To estimate a drug–outcome association in a cohort or case– control study, accurate and comprehensive data must be collected on the drug exposures and outcomes of interest. Study investigators may collect data after study inception or may use previously collected data. The major advantage of prospectively collecting the data (primary data collection) is that the investigators have control over what information is collected; in contrast, when previously collected data are used (secondary data collection), the investigators are limited to the information already collected. Data may often be missing from or inaccurately recorded in secondary data sources, which creates challenges when the data are used for research purposes. Although previously collected data are considered retrospective to study inception, the data themselves are often collected prospectively; therefore, use of the terms “retrospective” and “prospective” may be misleading and usually does not provide any clarity in terms of important design characteristics. 25 There are 3 main sources of existing data: administrative data, medical records, and surveys. Special considerations and the advantages and disadvantages of these secondary data sources are discussed elsewhere. 45 , 46 For studying drug effects, secondary data sources are more commonly used than primary data collection, primarily because of gains in time, cost, and statistical efficiency. Furthermore, use of secondary data sources avoids the Hawthorne effect, whereby knowledge of participation in a study changes the behaviour of study participants and may lead to bias.

CONCLUSIONS

Pharmacists use knowledge from cohort and case–control studies to inform patients, clinicians, and the general public about drug effects. At a basic level, cohort and case–control studies quantitatively estimate the relation between exposures and outcomes. They represent rigorous study designs for answering drug safety and effectiveness questions, with case–control studies being more prone to bias. The methodologic rigour of cohort and case–control studies evaluating drug–outcome associations is advancing, and approaches are being developed and refined that limit the generation of misleading study results. Indeed, both RCTs and observational studies are necessary, and neither is sufficient to learn about the totality of drug effects in the population.

Acknowledgments

John-Michael Gamble is supported by a New Investigator Award in drug safety and effectiveness from the Canadian Institutes of Health Research and a Clinician Scientist Award from the Canadian Diabetes Association.

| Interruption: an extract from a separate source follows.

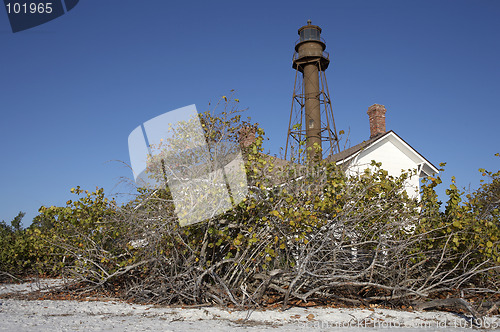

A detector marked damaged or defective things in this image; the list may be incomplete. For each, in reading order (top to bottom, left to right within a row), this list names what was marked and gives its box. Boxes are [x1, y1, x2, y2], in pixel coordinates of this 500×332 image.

rusty lighthouse tower [286, 20, 340, 161]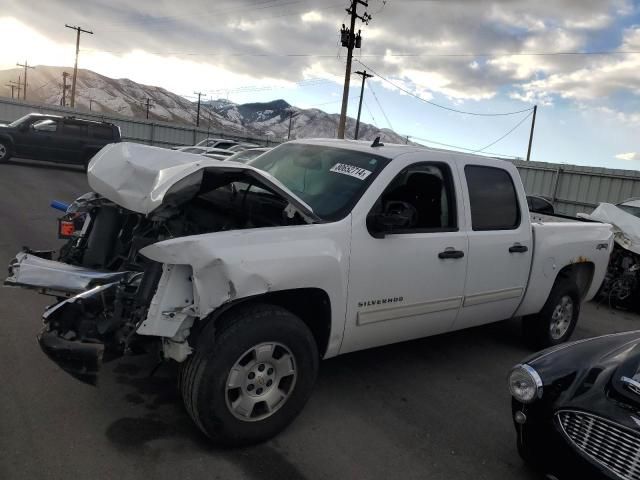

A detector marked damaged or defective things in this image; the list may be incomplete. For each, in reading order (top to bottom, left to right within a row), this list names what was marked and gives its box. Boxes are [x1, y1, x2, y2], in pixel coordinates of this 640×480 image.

This article is the sixth in the CJHP Research Primer Series, an initiative of the CJHP Editorial Board and the CSHP Research Committee. The planned 2-year series is intended to appeal to relatively inexperienced researchers, with the goal of building research capacity among practising pharmacists. The articles, presenting simple but rigorous guidance to encourage and support novice researchers, are being solicited from authors with appropriate expertise.

Previous article in this series:

Bond CM. The research jigsaw: how to get started. Can J Hosp Pharm . 2014;67(1):28–30.

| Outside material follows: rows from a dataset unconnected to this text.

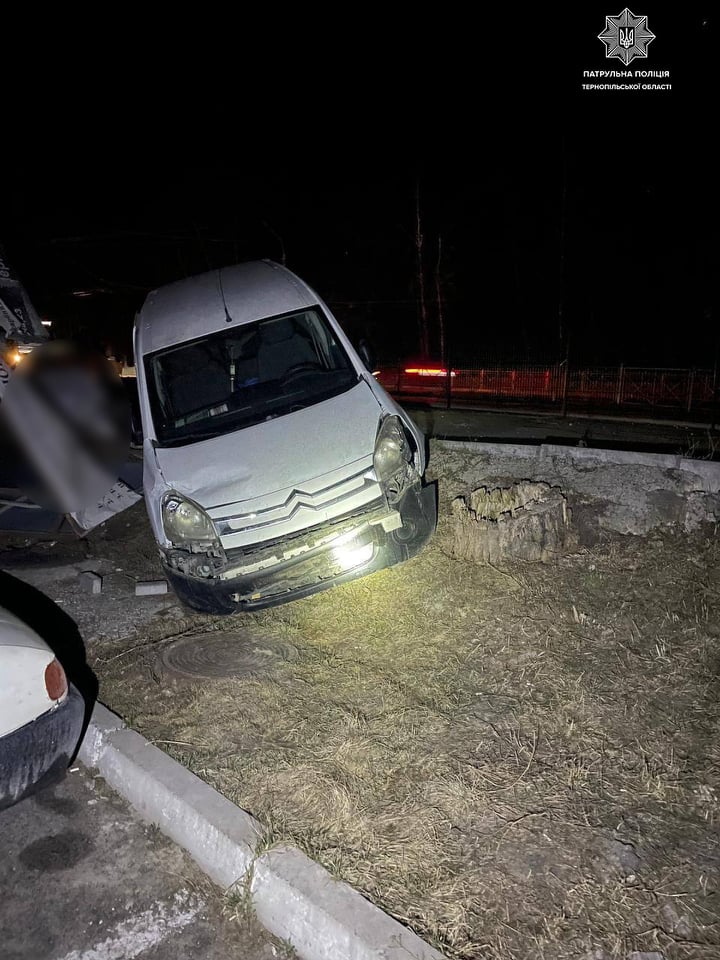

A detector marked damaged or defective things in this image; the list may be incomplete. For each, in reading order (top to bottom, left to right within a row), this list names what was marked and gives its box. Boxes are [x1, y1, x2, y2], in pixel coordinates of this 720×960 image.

damaged front bumper [162, 484, 436, 612]
broken concrete piece [80, 568, 102, 592]
broken concrete piece [135, 580, 169, 596]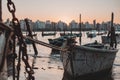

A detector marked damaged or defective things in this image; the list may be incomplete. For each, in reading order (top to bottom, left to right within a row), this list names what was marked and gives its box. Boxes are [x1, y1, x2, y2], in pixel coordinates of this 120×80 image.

rusty chain [6, 0, 34, 79]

Tully MP. Research: articulating questions, generating hypotheses, and choosing study designs. Can J Hosp Pharm . 2014;67(1):31–4.

Loewen P. Ethical issues in pharmacy practice research: an introductory guide. Can J Hosp Pharm. 2014;67(2):133–7.

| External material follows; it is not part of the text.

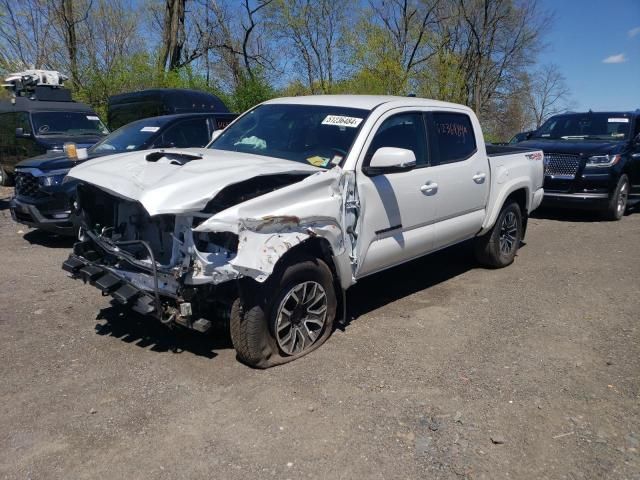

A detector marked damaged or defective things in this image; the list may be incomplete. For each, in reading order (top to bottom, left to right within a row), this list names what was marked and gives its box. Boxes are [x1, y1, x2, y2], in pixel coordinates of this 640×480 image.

damaged white truck [62, 95, 544, 370]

Tsuyuki RT. Designing pharmacy practice research trials. Can J Hosp Pharm . 2014;67(3):226–9.

Bresee LC. An introduction to developing surveys for pharmacy practice research. Can J Hosp Pharm . 2014;67(4):286–91.

Competing interests: None declared.

IMAGES

  1. PPT

    case control study epidemiology example

  2. case control study epidemiology example

    case control study epidemiology example

  3. case control study epidemiology example

    case control study epidemiology example

  4. Case Control

    case control study epidemiology example

  5. case control study epidemiology example

    case control study epidemiology example

  6. case control study epidemiology example

    case control study epidemiology example

VIDEO

  1. case control study , epidemiology part 5 community medicine

  2. case control study epidemiology by dr Ostovar

  3. case control study I community Medicine I Epidemiology

  4. Case control study

  5. EPIDEMIOLOGY lecture 11 CASE CONTROL STUDY detailed information with all questions

  6. Case control study, PSM, easy explanation in hindi

COMMENTS

  1. What Is a Case-Control Study?

    Examples of case-control studies. Case-control studies are common in fields like epidemiology, healthcare, and psychology. Example: Epidemiology case-control study You are examining the relationship between drinking water contamination and the incidence of gastrointestinal illnesses like gastroenteritis. Here, the case group would be individuals who have been diagnosed with a gastrointestinal ...

  2. Case Control Studies

    A case-control study is a type of observational study commonly used to look at factors associated with diseases or outcomes.[1] ... For example, if a disease developed in 1 in 1000 people per year (0.001/year) then in ten years one would expect about 10 cases of a disease to exist in a group of 1000 people. ... Epidemiology Of Study Design ...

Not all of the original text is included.